Small pips in a currency have the ability to make an entire country’s goods cheaper or more expensive to the rest of the world in an instant.
And in this age of international finance, the cost financing and value of debt balances can swing massively.
This brings us to China, the world’s second largest economy, where the country’s currency — the renminbi — could see its status in the world change.
Inclusion in the IMF’s special drawing rights basket
Since then, investors and companies have been concerned about what exactly China means for growth prospects. Some have even attributed their weaker third-quarter numbers to it.
But there’s another, largely overlooked thing financiers should keep an eye on:
China wants to get its renminbi into the International Monetary Fund’s reserve assets classification known as the special drawing rights, or the SDR. And its inclusion or exclusion could have major ramifications in the global markets.
On Wednesday, Lombard Street Research hosted a conference partially dedicated to analysing the impact of China’s liberalization on financial markets. Several speakers specifically mentioned China’s desire for the yuan’s inclusion in the SDR as a key thing to watch.
Though inclusion in the basket may not immediately strike investors and casual onlookers as that important, that’s definitely not how China sees the situation, according to Diana Choyleva, Lombard Street Research’s chief economist and head of research.
“The IMF is about to decide whether to include the yuan in its SDR basket,” she said at the event. “As far as I’m concerned, if the yuan is accepted, and the omens are good now, this will mark the start of China’s full integration into global financial markets.”
Choyleva went on to delineate what exactly the inclusion or exclusion of the renminbi would mean for the markets.

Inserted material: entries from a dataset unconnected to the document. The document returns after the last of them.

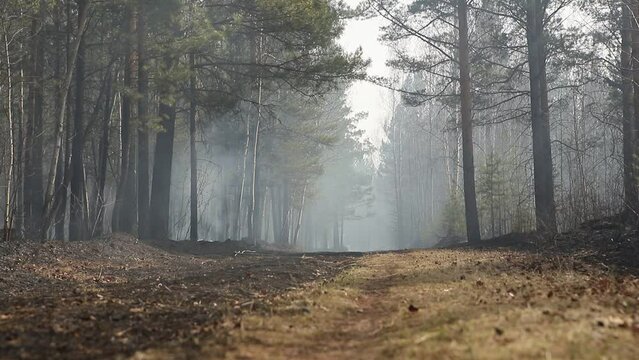 Natural forest fire. Forest road with smoke and smog from a burning forest of birch, pine trees and shrubs. Uncontrolled burning of vegetation and spontaneous spread of fire in the thicket of the fore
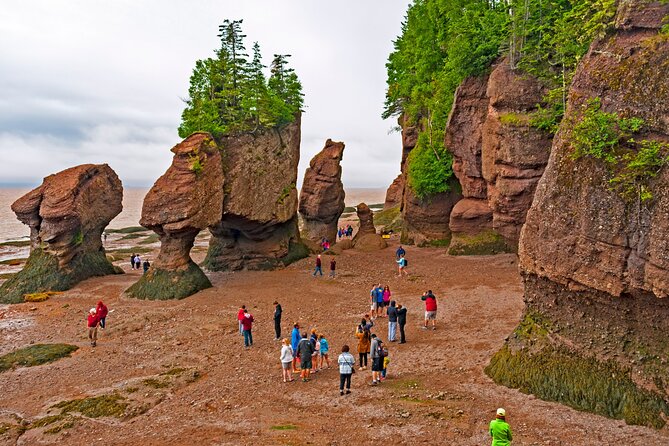 Hopewell Rocks Express Tour From Moncton Inclusions And Amenities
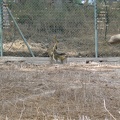 Monkeys 023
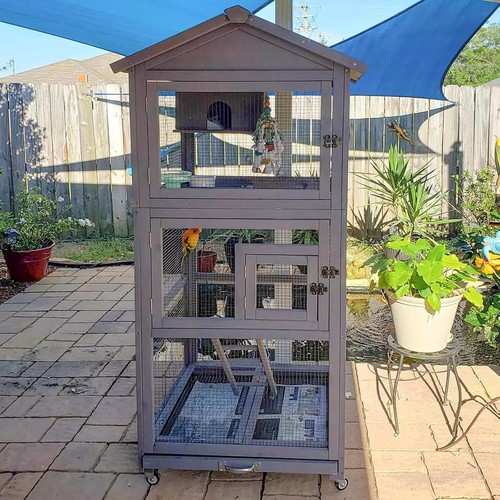 Bird cage outdoor - bird,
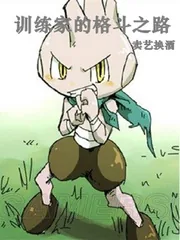 《训练家的格斗之路》小说封面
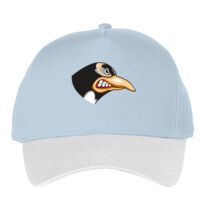 Classic 5-panel snapback (6007) Vignette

“If the yuan goes in the basket, then the likelihood is that the Chinese would prefer a gradual depreciation of their currency against the US dollar,” she said. “And this is good news because it allows time for the real income gains in the West to be spent and potentially for us to get into the positive scenario.”

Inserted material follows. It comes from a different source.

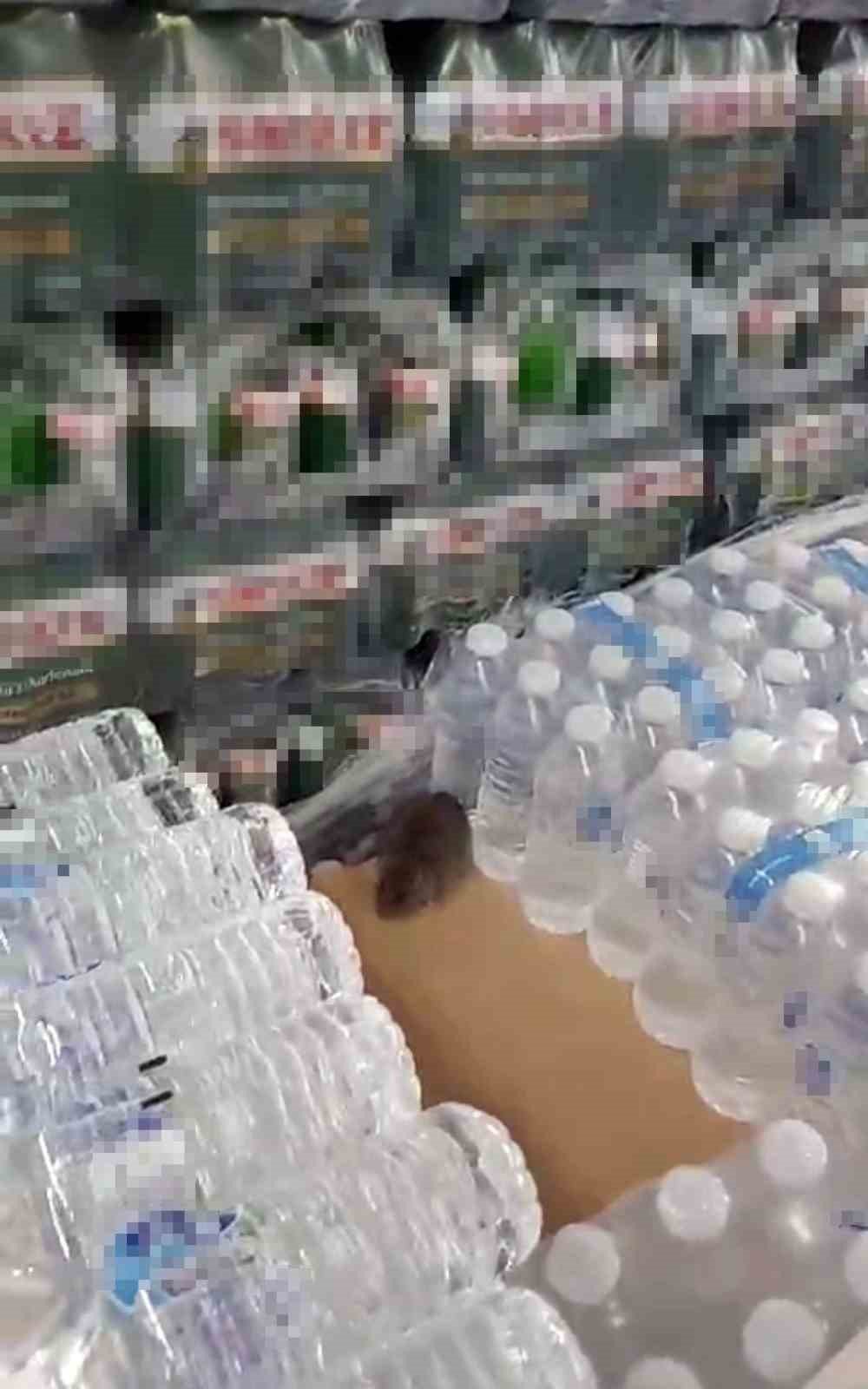 Karaman Bim'de mide bulandıran görüntü!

But if the yuan is not allowed in the SDR, Choyleva said:
“The Chinese leadership is not going to wait another five years for the West to deign to accept them. And they will not be so keen to be such a responsible global citizen. Because out of the major economies, the only currency that’s seriously overvalued is the yuan, and that’s the only one that hasn’t engaged in any major effective devaluation. […] If the yuan is not accepted in the SDR, they will go for a one-off large devaluation and that would then be … a financial crisis, specifically, a real-economy crisis with the resulting impact on the … markets.”
This may seem sort of intense for a membership that doesn’t even seem important to Western investors. For China, however, getting the renminbi into a currency basket made up of the US dollar, the euro, the Japanese yen, and the British pound could indicate recognition of the currency’s global political importance.
“I did an interview yesterday [where] I was asked, ‘but, surely, the SDR is of no importance,'” Choyleva said at the event. “But actually, it is of symbolic and political importance. And I would argue, much like China’s entry into the World Trade Organisation in 2001 changed the global economy fundamentally, China opening up the capital account and allowing the market to determine interest and exchange rates, will be as transformative for the world economy.”
Interestingly, back in August when China first devalued its currency, some analysts pointed out that Beijing’s unwavering desire to get its currency into the SDR could have, at least partially, been the catalyst, citing similar reasons as Choyleva.
“The Chinese government wants desperately for the [IMF] to include the yuan in the basket of currencies that comprise the IMF’s reserve assets that are known as special drawing rights (SDR),” Wells Fargo global economist Jay Bryson wrote in a note to clients at the time. “Joining the US dollar, the euro, the Japanese yen, and the British pound in the SDR would be an acknowledgment that the yuan has become an international currency.”
Notably, the IMF was pleased with the yuan’s devaluation at the time — especially because of the “more market-oriented exchange rate.” But it added that the change did not have “direct implication for the criteria used in determining the composition of the basket.”
Ultimately, the IMF is set to decide whether to include the renminbi in its SDR basket sometime in November.
And, as UBS legend Art Cashin noted back in August, “If that approval were given, we could be looking at shifts in the trillions of dollars.”